◆ **EXERCISE OBJECTIVE**: Write down exactly what lies from the line containing "CaptureITPro V2.0 SD Edition Software" to the end of the records, inclusive, and omit the pictures.

RECORDS SUPPLIED: Begin

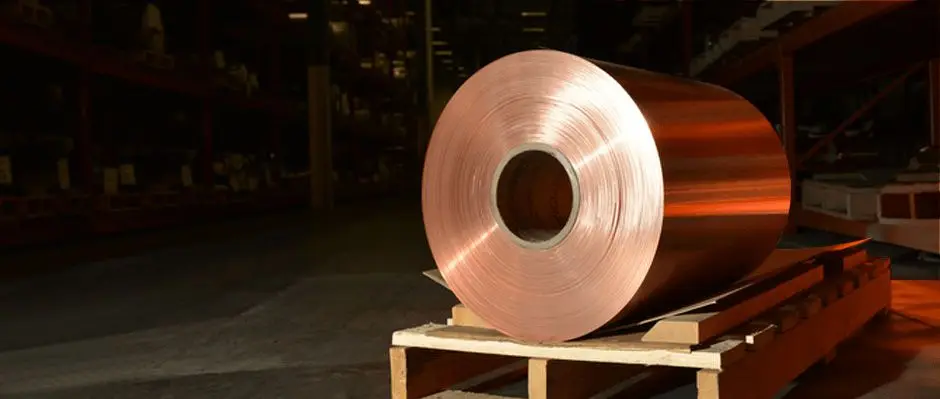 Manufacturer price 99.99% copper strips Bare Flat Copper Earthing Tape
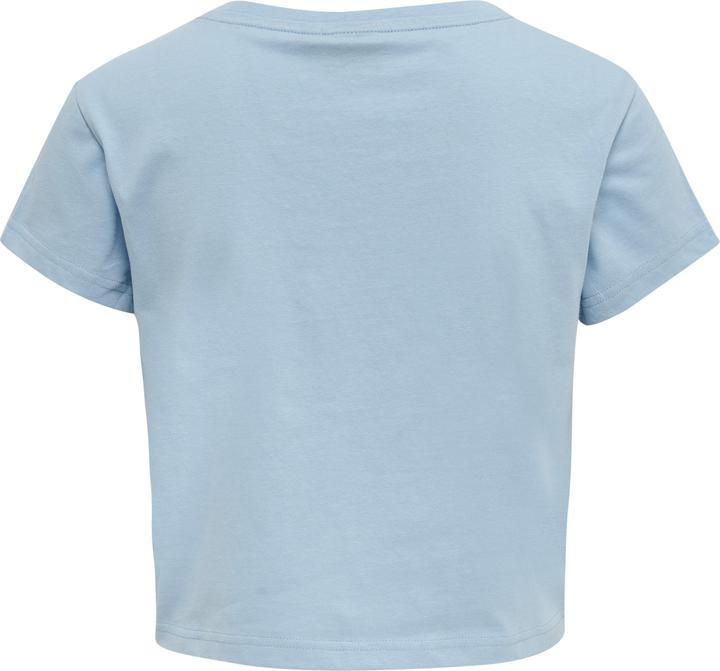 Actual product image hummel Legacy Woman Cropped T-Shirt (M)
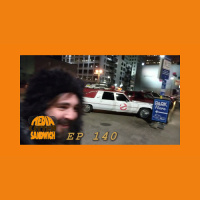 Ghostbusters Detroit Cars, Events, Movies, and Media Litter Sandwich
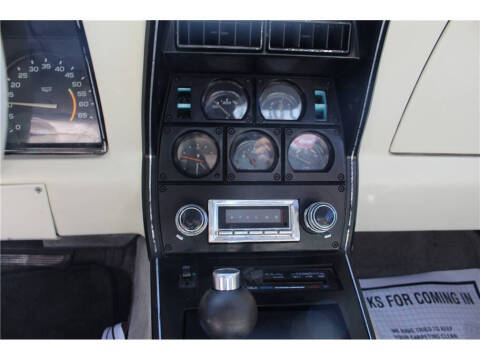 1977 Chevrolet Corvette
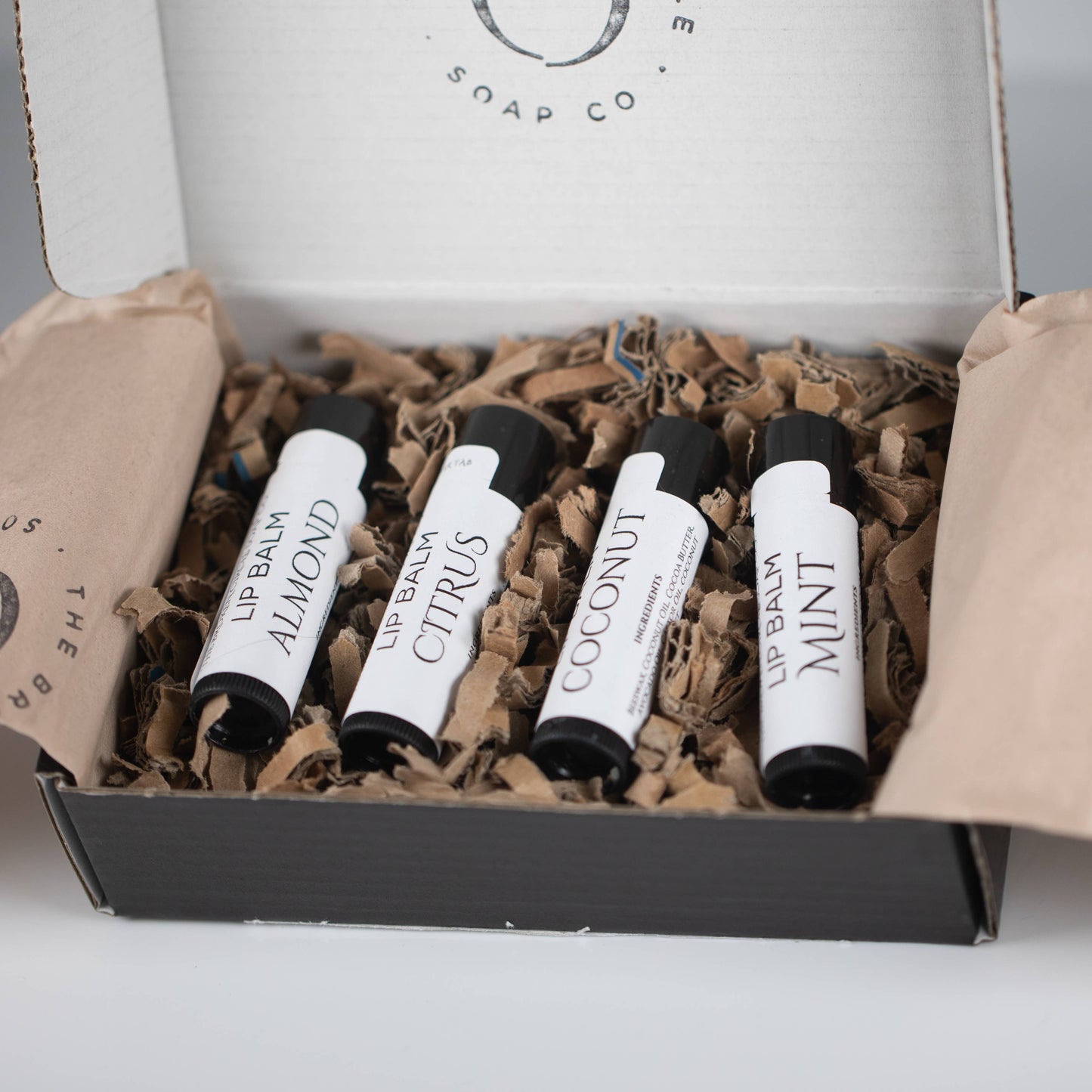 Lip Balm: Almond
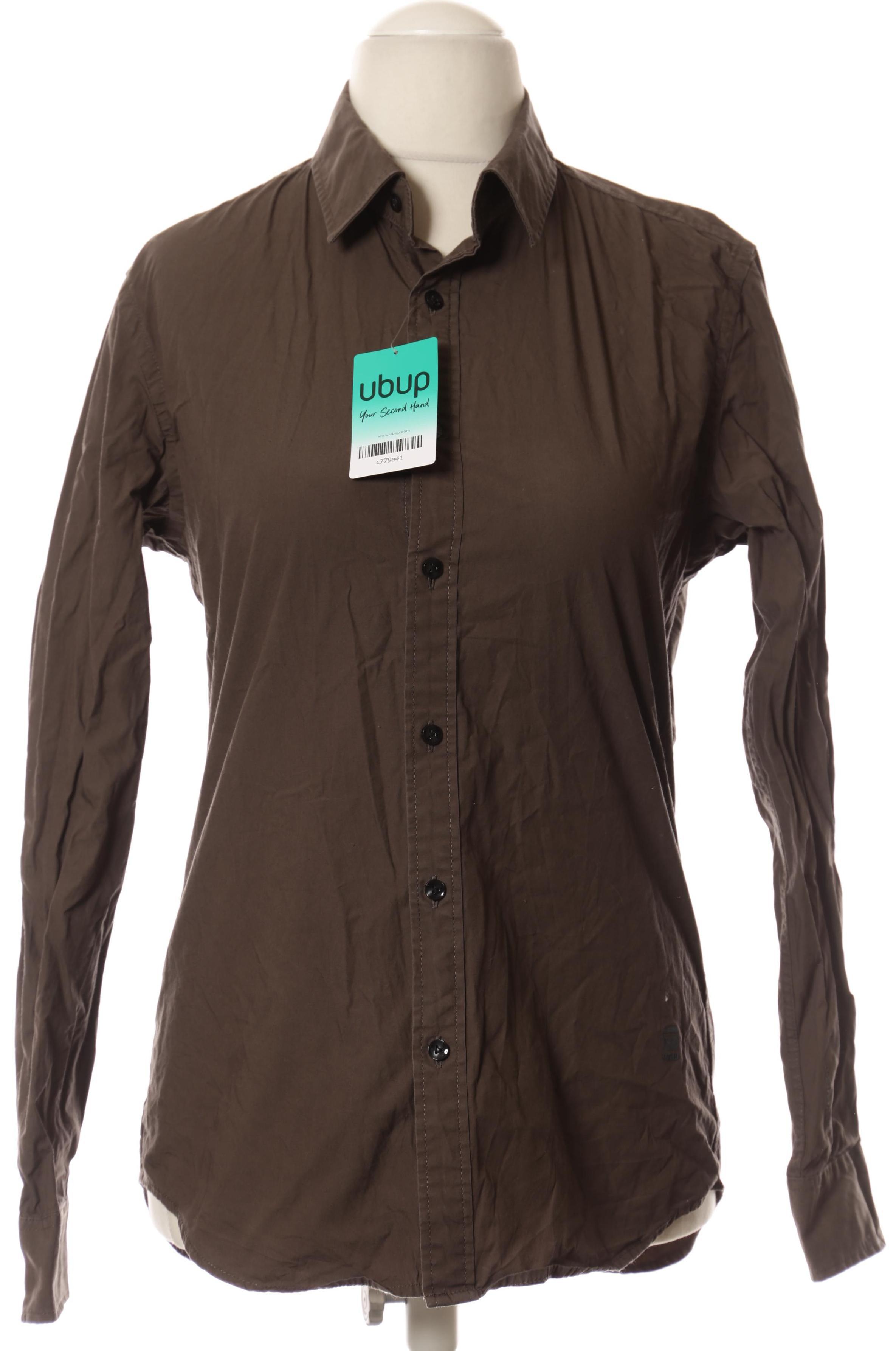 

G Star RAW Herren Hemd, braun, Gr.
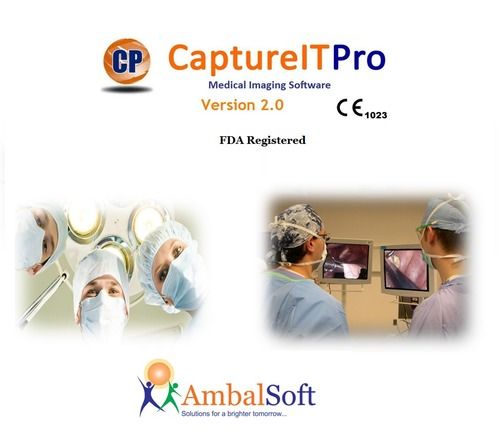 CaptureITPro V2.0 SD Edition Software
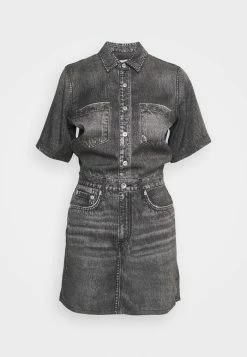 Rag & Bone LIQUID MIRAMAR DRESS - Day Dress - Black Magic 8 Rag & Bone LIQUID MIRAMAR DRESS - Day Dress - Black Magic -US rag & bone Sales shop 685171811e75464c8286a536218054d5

RECORDS SUPPLIED: End

◆ **RESPONSE BOX**:
 CaptureITPro V2.0 SD Edition Software
 Rag & Bone LIQUID MIRAMAR DRESS - Day Dress - Black Magic 8 Rag & Bone LIQUID MIRAMAR DRESS - Day Dress - Black Magic -US rag & bone Sales shop 685171811e75464c8286a536218054d5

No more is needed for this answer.